CMSC 478 Spring 2019 - Homework 2
Due at the start of class on February 21
In this homework you will implement k-means clustering and experiment
with different ways of initializing the cluster centroids.
The MNIST dataset is a
well-studied collection of handwritten digits. It is often used to
test multi-class classification algorithms, where there is one class
for each of the 10 digits (0 - 9). In this homework, you will use it for
unsupervised clustering.
I've made two files available for you:
- The raw MNIST data, which is a text file
containing 10,000 rows. Each row contains 28 * 28 = 784 integers in
the range 0 to 255.
Each integer is the pixel value from a 28 x 28 image of a
handwritten digit. Every row corresponds to a vector in the dataset
that is to be clustered.
- The labels for the raw data are in a file with
10,000 rows. The first row contains the correct digit label for the
first row in the raw data. The second row is the label for the
second instance, and so on.
Implement the k-means clustering algorithm. You will only use your
algorithm for this dataset, so you can hard-wire in the number of
instances and the size of each instance. The goal is not to write a
generic version of the algorithm (though you can if you wish). The
goal is to understand how it works on real data. You will need to try
different values of k so that must be a parameter.

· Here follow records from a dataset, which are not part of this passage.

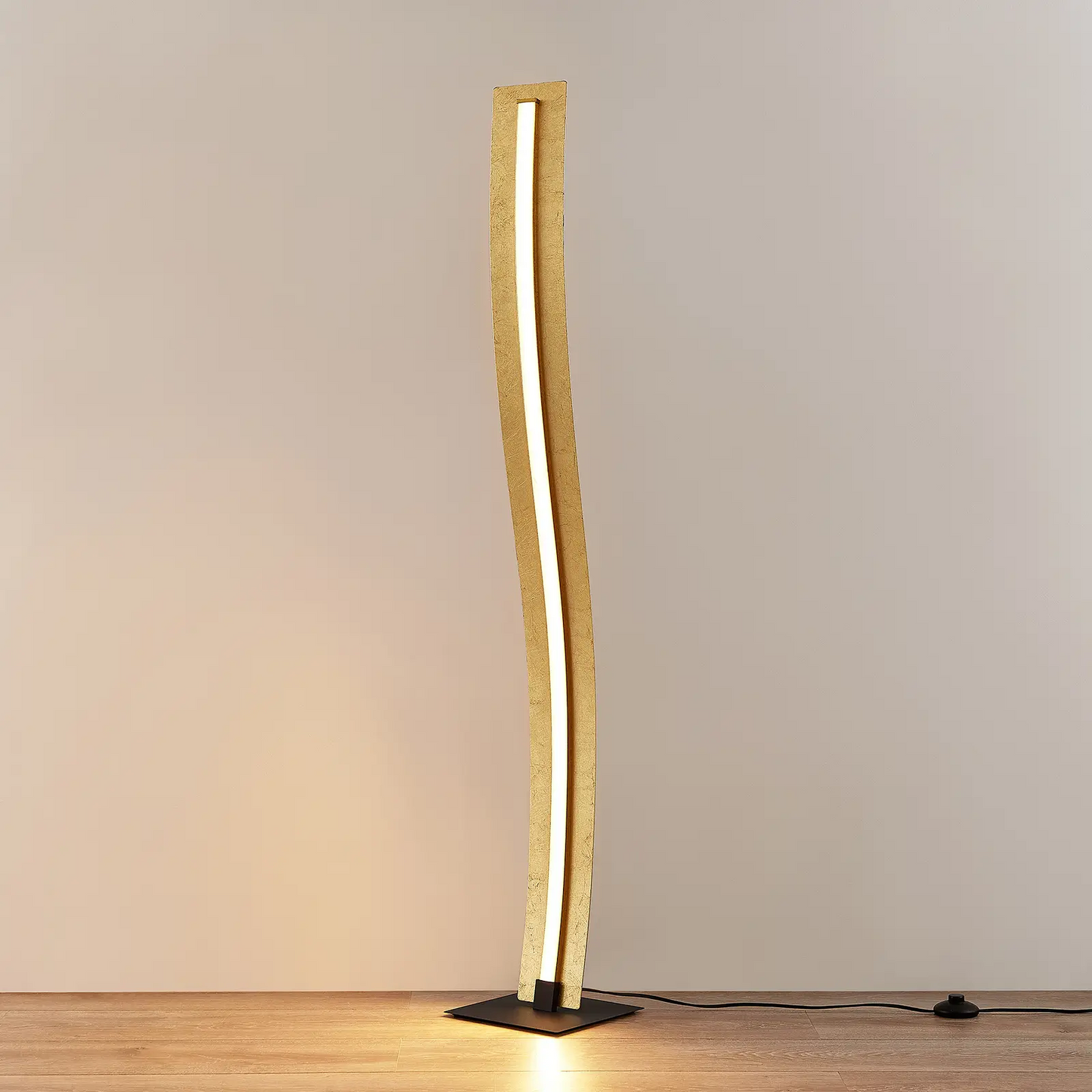 Lindby Larisa banguoto dizaino LED toršeras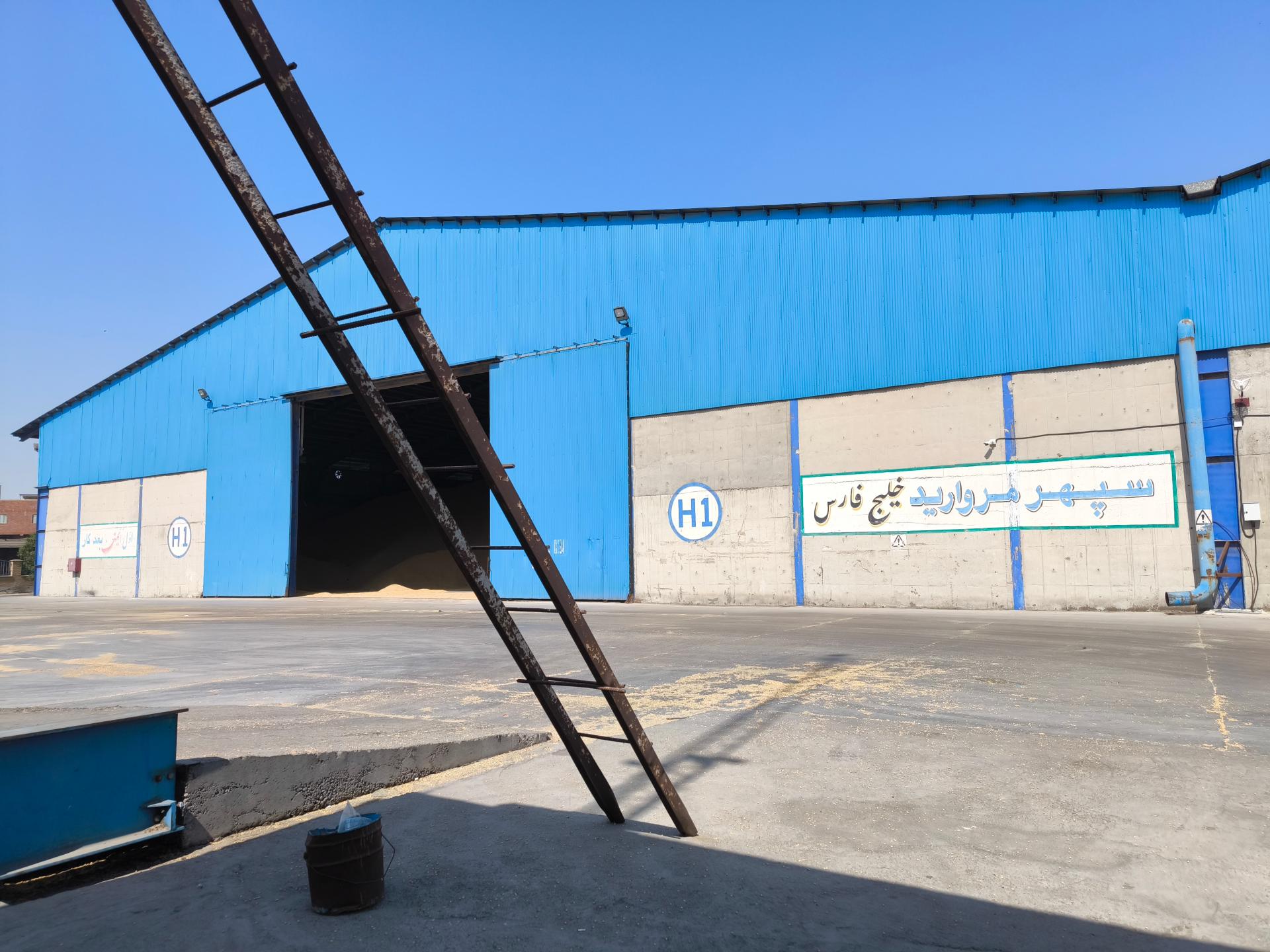 عکس انبار سپهر مرواریدخلیج فارس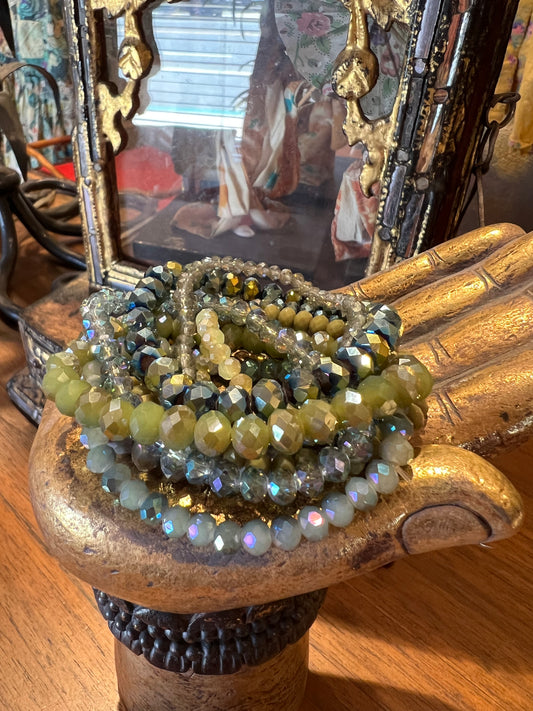 Stretch Bracelet set in Jade Moon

After completing the implementation (and testing for correctness, of
course), do the following:
- Randomly sample k = 10 instances, use them as the initial cluster
centroids, and run the algorithm to covergence. For each cluster,
find the most common digit in that cluster and count the number of
instances in the cluster that are different from the most common
one. Sum that count over all of the clusters.
- Repeat the above step 10 times in total and report the average
number of iterations to convergence and the average number of
instances that are in the wrong cluster.
- Run the algorithm with k = 5. Look at the clusters and see if
there are digits that tend to get grouped together. What are they
and explain why you think they are grouped into the same cluster.
- Finally, run the algorithm 10 times again with k = 10 and report
the same information as above (iterations to convergence and number
of wrongly clustered instances). But this time do not choose random
instances for the cluster centroids. Randomly choose an instance
that represents each of the digits and use them as the centroids.
That is, one of the centroids will be a randomly chose 0, another
will be a randomly chose 1, and so on.
Do you observe any difference in the performance statistics? Why or
why not?
- Turn in hard copy of your code, the items specified above, and
visualizations of the cluster centroids (all 10 of them) for one
run. To help with that, you can grab this notebook that shows how
to read in the MNIST data and visualize it. It assumes that the
values are 8-bit integers. Your centroids will be floats.